Desde luego, esto es algo que cada quien tiene derecho a responder como mejor le plazca o como más le convenga. No seremos nosotros los que habremos de decirle qué es mejor. Que cada quien viva y lea cuanto quiera y como quiera.

El propósito de este libro es mostrar que los escritores también han escrito para los que no leen o, como dijera Vicente Aleixandre en un poema, sobre todo para los que no leen. ¿Qué leen los que no leen? es una defensa, apasionada, de la libertad de leer y de la libertad, también, de no leer. Aunque esta última libertad a algunos les parezca peligrosa y poco recomendable. Lo cierto es que lo que no hace este libro es “moralizar” la lectura.

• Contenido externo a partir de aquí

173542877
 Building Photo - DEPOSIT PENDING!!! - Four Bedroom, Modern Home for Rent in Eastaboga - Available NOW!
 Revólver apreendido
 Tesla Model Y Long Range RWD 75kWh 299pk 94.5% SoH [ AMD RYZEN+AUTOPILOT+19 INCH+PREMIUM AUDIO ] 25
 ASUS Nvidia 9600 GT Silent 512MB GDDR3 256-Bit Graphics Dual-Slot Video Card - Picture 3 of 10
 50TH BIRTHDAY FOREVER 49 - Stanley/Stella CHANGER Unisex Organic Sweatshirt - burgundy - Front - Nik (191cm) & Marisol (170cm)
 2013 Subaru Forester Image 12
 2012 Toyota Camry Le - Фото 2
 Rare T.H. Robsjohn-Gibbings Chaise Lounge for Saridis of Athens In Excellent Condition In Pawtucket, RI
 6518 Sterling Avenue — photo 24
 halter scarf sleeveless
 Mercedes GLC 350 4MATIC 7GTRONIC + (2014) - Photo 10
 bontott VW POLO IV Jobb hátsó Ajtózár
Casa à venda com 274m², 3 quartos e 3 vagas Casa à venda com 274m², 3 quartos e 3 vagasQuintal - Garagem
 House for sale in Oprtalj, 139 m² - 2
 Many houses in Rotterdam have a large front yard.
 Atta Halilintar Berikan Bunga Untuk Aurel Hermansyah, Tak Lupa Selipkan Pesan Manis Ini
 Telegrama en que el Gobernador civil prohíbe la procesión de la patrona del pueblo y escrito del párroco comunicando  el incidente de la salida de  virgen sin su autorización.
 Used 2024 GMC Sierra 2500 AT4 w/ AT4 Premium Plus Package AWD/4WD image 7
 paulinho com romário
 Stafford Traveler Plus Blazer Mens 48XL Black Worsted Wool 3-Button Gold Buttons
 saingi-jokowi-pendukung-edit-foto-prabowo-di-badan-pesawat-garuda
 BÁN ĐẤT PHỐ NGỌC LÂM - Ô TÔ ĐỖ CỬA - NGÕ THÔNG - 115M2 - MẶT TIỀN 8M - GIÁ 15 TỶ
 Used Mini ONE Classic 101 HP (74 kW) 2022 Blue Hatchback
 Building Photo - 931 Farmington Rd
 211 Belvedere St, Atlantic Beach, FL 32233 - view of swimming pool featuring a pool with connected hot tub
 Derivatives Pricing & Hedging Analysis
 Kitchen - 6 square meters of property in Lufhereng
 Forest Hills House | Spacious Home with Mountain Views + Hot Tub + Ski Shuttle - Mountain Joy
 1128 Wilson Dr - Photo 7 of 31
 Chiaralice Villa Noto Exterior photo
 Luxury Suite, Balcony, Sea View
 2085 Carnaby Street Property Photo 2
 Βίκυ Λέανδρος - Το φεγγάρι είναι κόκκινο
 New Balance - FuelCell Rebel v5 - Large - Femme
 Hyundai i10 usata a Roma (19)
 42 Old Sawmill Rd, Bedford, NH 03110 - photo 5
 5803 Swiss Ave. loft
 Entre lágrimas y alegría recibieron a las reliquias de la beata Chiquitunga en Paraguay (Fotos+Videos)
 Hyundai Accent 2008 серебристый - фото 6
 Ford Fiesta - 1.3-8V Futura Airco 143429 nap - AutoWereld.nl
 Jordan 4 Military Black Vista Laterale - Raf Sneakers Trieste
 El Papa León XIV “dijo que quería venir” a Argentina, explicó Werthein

Ha dicho Daniel Pennac: evitemos acompañar el teorema de que la lectura humaniza al hombre “con el corolario según el cual cualquier individuo que no lee debería ser considerado a priori un bruto potencial o un cretino contumaz”. A lo largo de la historia podemos ver que esta moralización de la lectura desemboca siempre en una falacia: muchos lectores no sólo no se han beneficiado con la lectura, sino que han utilizado su condición casi racial de lectores para despreciar y zaherir a los que no leen.

Leer no nos hace consustancialmente mejores, y el cuánto no es lo importante. Esto es lo que se dirá y se repetirá a lo largo de las siguientes páginas. El siempre sabio Gabriel Zaid resumiría todo esto en un par de líneas: “Lo que vale de la cultura es qué tan viva está, no cuántas toneladas de letra muerta puede acreditar”.